*** Data for this task
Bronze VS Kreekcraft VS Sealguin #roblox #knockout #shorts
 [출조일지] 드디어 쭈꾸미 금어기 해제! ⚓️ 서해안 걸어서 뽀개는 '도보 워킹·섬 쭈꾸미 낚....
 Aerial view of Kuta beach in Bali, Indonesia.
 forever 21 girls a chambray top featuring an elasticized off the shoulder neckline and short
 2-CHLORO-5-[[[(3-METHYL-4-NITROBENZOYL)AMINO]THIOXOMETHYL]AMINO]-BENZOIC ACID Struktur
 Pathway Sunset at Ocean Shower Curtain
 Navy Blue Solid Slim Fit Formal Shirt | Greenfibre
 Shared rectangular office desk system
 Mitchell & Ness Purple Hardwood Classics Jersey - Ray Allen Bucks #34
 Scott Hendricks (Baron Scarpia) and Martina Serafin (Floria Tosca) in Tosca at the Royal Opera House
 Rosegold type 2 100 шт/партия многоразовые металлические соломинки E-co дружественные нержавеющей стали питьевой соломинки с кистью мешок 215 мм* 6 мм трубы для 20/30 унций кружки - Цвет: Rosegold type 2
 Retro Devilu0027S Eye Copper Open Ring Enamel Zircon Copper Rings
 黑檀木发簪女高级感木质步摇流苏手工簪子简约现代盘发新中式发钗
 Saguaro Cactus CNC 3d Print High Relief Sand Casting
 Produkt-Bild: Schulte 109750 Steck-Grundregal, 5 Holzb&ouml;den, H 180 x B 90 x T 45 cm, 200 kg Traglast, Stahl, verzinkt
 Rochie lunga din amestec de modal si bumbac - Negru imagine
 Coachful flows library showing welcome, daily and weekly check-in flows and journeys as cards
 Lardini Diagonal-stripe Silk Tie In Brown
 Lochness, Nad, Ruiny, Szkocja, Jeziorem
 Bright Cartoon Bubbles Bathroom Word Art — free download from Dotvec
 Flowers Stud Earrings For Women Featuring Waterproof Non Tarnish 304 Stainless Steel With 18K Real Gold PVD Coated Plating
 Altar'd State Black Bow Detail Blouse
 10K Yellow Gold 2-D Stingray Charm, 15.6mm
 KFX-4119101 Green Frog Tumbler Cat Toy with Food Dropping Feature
******
▶ _Problem details_:
All that is wanted is the set of lines from the one with "Navy Blue Solid" through the last line of the entries, both included, output exactly.

▶ _Task output_:
 Navy Blue Solid Slim Fit Formal Shirt | Greenfibre
 Shared rectangular office desk system
 Mitchell & Ness Purple Hardwood Classics Jersey - Ray Allen Bucks #34
 Scott Hendricks (Baron Scarpia) and Martina Serafin (Floria Tosca) in Tosca at the Royal Opera House
 Rosegold type 2 100 шт/партия многоразовые металлические соломинки E-co дружественные нержавеющей стали питьевой соломинки с кистью мешок 215 мм* 6 мм трубы для 20/30 унций кружки - Цвет: Rosegold type 2
 Retro Devilu0027S Eye Copper Open Ring Enamel Zircon Copper Rings
 黑檀木发簪女高级感木质步摇流苏手工簪子简约现代盘发新中式发钗
 Saguaro Cactus CNC 3d Print High Relief Sand Casting
 Produkt-Bild: Schulte 109750 Steck-Grundregal, 5 Holzb&ouml;den, H 180 x B 90 x T 45 cm, 200 kg Traglast, Stahl, verzinkt
 Rochie lunga din amestec de modal si bumbac - Negru imagine
 Coachful flows library showing welcome, daily and weekly check-in flows and journeys as cards
 Lardini Diagonal-stripe Silk Tie In Brown
 Lochness, Nad, Ruiny, Szkocja, Jeziorem
 Bright Cartoon Bubbles Bathroom Word Art — free download from Dotvec
 Flowers Stud Earrings For Women Featuring Waterproof Non Tarnish 304 Stainless Steel With 18K Real Gold PVD Coated Plating
 Altar'd State Black Bow Detail Blouse
 10K Yellow Gold 2-D Stingray Charm, 15.6mm
 KFX-4119101 Green Frog Tumbler Cat Toy with Food Dropping Feature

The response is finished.